If you take the heating-static-cooling graph of the air for the low GHG and high GHG scenarios, then you would see that the area under the graph is larger for the high GHG one. The area under the graph is a measure of 'heat within the system' - the temperature will be higher for such a system.

The mechanism is still radiative, but this explanation avoids the term back-radiation which annoys some people.

Martin,

I deliberately left other mechanisms (evaporation, conduction, convection, condensation in this case) out of the picture because we were focussing in on the GHE. I was trying to isolate the effect of GHG to demonstrate it can cause a temperature rise - all other things excluded.

Obviously (since I'm here on this site) I believe there are other vectors on temperature which counteract the rise produced by increases in GHGs, and fact create a dampening feedback on the GHE that has allowed out atmosphere to survive all sorts of volcanism, continent-wide fire, meteorite strike etc. over millions of years.

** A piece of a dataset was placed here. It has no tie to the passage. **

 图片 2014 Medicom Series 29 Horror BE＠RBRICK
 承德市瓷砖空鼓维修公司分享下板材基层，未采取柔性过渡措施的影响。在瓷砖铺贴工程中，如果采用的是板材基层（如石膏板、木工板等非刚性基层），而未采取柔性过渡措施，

If the GHE (or whatever actually caused the 80s-90s temperature rise) creates a bit more temperature, we will get more evaporation, more clouds, more cooling, more albedo. It's a stable equilibrium. I'm not saying we won't get a few more rainstorms and a bit of ice melt (climate change) as things stabilize, but long-term it is unlikely to cause the sorts of problems that the alarmists feel compelled to warn us about.

Martin, if the planet is hotter due to GHGs then the GHGs hve effectively trapped heat. You can play word games and talk about mice all you want (and I know people want to, just like laying down the law about the meaning of 'evidence' or 'acidification' or even 'evolution') but trapping heat is a useful metaphor. If you outlaw the use of metaphor to make things understandable then you lose a useful tool - that is a problem unless your aim is expressly *not* to make things understandable.

"...why someone would apparently think that CO2 concentration is a function of height" - are you saying you think that from my roof top up to the international space station, the concentration of CO2 molecules remains constant? What about oxygen - think they can stick their heads out and breath? You don't think that there are rather more near my roof than up there? Or that if you double the number of CO2 molecules overall that the height of the CO2 envelope around earth will rise?

TBYJ, " GHGs are the only way the atmosphere in general can heat or cool" - see SoD link posted earlier:

Note 2 – 99% of solar radiation has a wavelength <4μm. In these wavelengths, actually about 1/3 of solar radiation is absorbed in the atmosphere. By contrast, most of the terrestrial radiation, with a wavelength >4μm, is absorbed in the atmosphere.

Maybe SoD is only a simple school teacher, but I expect the above is right.

Oops, missed a note:

Note 1 – An important exception is O2 absorbing solar radiation high up above the troposphere (lower atmosphere). But O2 does not absorb significant amounts of terrestrial radiation.

Raff,

27% roughly. This is because solar insolation is a spectrum, and the tail end of it overlaps with the absorption spectrum of GHGs. It makes no difference to the explanation. Whether IR from the sun thermalizes the ground, then the air, or the air directly makes no difference to the argument. It's the GHGs wot done it.,

Seems I don't understand any better than Rhoda, I just didn't know it. But if CO2 levels are 400ppm at the ISS and beyond (presumably, as there's nothing special about the ISS altitude) I can't see how the heat ever gets out.

Raff,

because that 400ppm is spread out over a larger volume the higher you go. At the ISS, you may only have a few hundred CO2 molecules around, but it's still at a concentration of 400ppm because all gases are spread out at that height.

RKS, it's been discussed HERE in far greater detail too :) Rhoda specifically wanted to re-do it, though.